Before he compromised the potential of another word, the writer decided he needed a plot, and some characters. He sort of had the idea for the female character. He knew the kind of person she was but she wasn’t quite fully formed. When writing sitcom scripts the writer would compile huge biographies on his characters before he wrote a single word. Pages and pages of irrelevant information, such as what watch they would buy, where they bought their underwear from etc. Was this anal?  Perhaps. Did this female character like anal? Absolutely not. Now he was getting somewhere.

He closed his eyes and pictured her, she looked cheap, she looked cheap in a way that suggested she’d done stuff in the presence of animals and clergymen. She had on thick red lipstick and had a cigarette hanging from the left corner of her mouth. She raised her left hand to the cigarette, holding it between her middle and index finger and she took a puff. As she pursed her lips, deep indentations showed around her mouth, she had been a smoker for a while.

He quickly scribbled all this down, the character in his head was beginning to take shape but he needed to get it down on paper before he forgot it all or before she morphed into something else. He furiously wrote for some time. He stopped, he had transcribed everything he’d imagined, the character that was in his head was now on the notepad in front of him. He read over what he’d written and paused, he then wrote “banging tits” and underlined it.  This man would never be one of the greats.

Now that he had the main character sorted, he just needed a plot. Was it going to be a fish in water story like Finding Nemo? Or a fish out of water, in water, then a fish out of water, on land like the Little Mermaid? Or was it going to be  just a plain old fish out of water story like that haddock he had for his tea last night (spoiler alert, it was delicious).  He just didn’t know.

He didn’t have enough knowledge of novels to draw on for inspiration, but he had seen a lot of films. Now, he was no idiot, he knew that a book was basically a film that has been transcribed. His book didn’t have plot, all he needed was inspiration from a filmmaker that makes films despite the fact that they don’t have a plot, who else but Michael Bay?

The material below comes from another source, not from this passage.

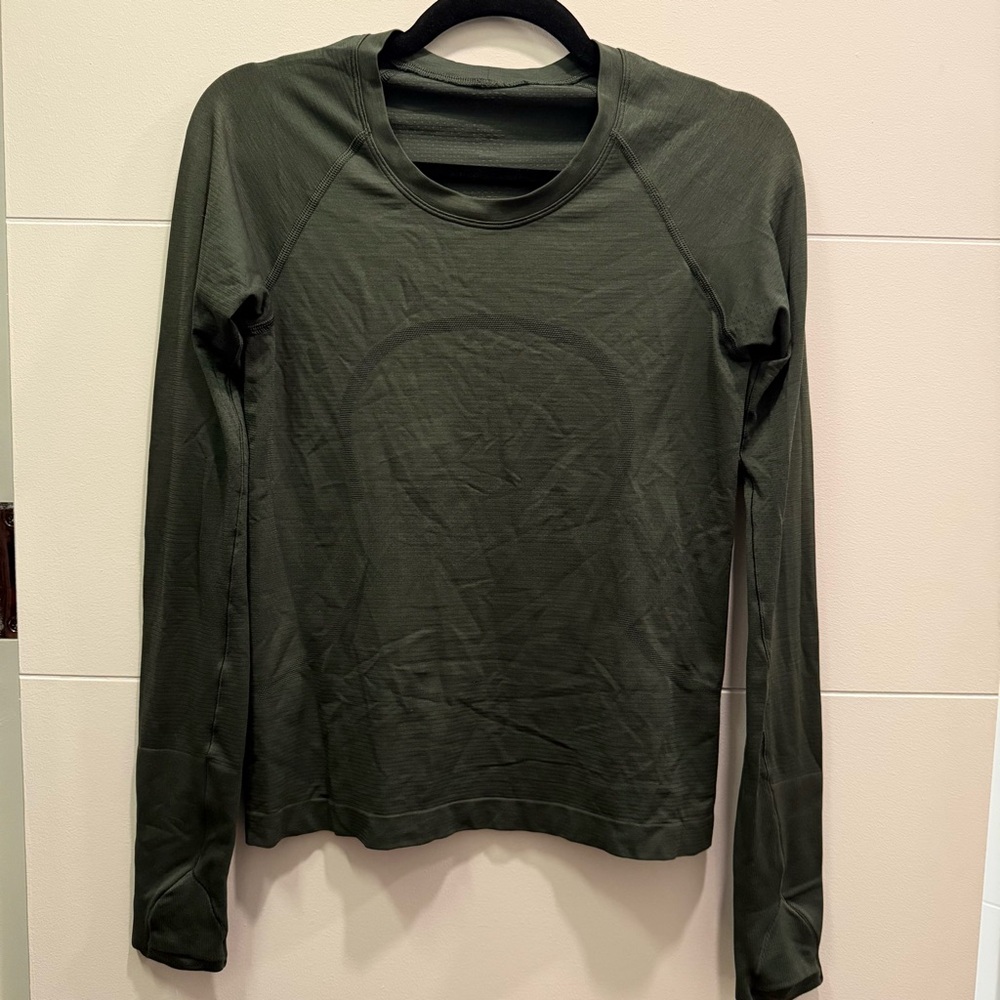 Lululemon Swiftly Tech Long Sleeve Top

Using Michael bay as inspiration, the writer came up with an idea: The short story would consist of nothing but glossy pictures of attractive people, glamorous locations, explosions, guns, drugs, flashy cars etc and all the reader would to do is repeatedly beat themselves about the face with these pictures until something kinda made sense. The writer toyed with the practicalities of submitting a series of photographs as a piece of work for a short-story course for quite some time. He eventually decided that this was the worst idea ever “What was I thinking” he exclaimed “who in their right mind would copy Michael Fucking Bay”. He then broke down and cried for thirty-seven minutes.

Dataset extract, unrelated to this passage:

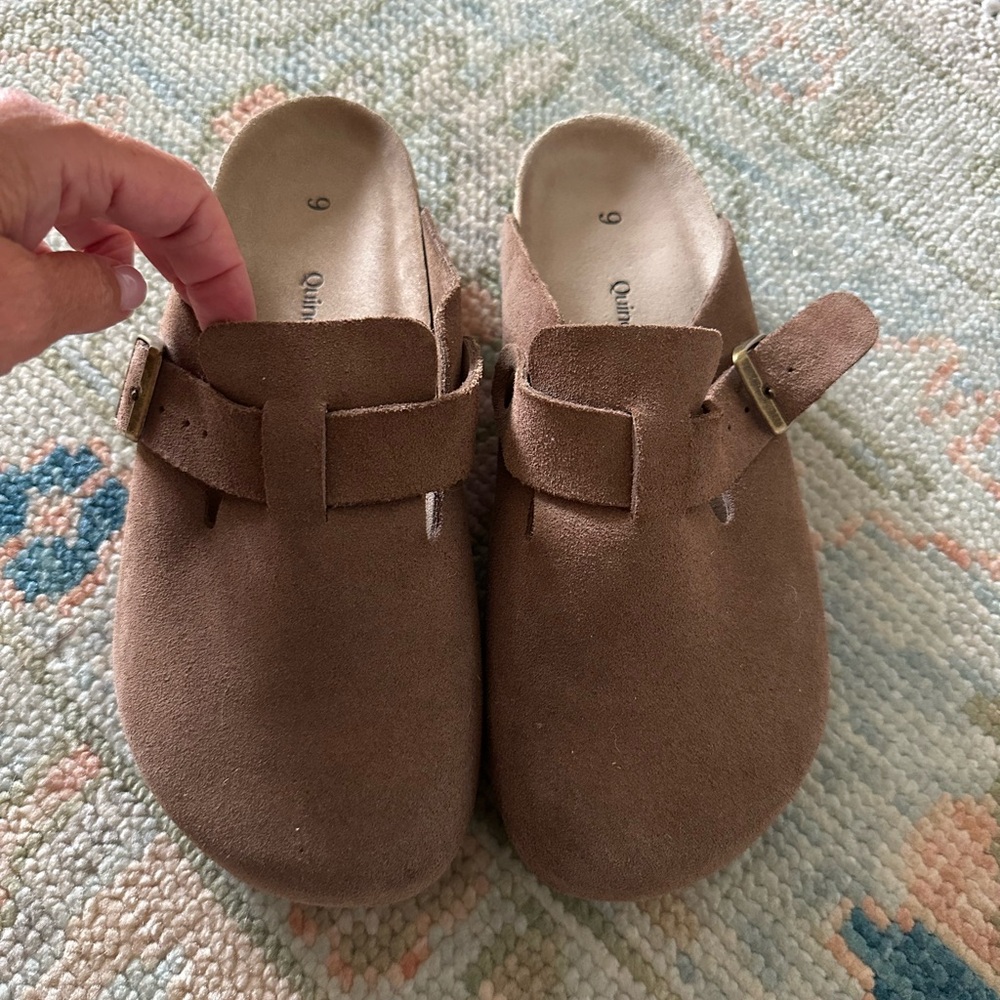 Quince water repellent suede clog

After regaining his composure, the writer stood up, went over to his window and opened the curtains in his room. Daylight. It was the first time they had been open since he moved in. The sunlight was dazzling, the sudden exposure made him feel slightly abash about his nudity, this soon passed. He stood at his window and saw a pair of twins walking through the courtyard below. At that moment he had a brilliant idea, he would write a story about not being able to write a story. It was a great idea. He racked his brains thinking if it had been done before, then he realised that Charlie Kaufman had done it. He closed his curtains and sat resigned in his chair. Once again his poster of the cat caught his eye “Ambition is the enemy of success”.
He began to type “It was long past there point where he should have done something”. Charlie Kaufman may have done it first, but nobody had done it this badly.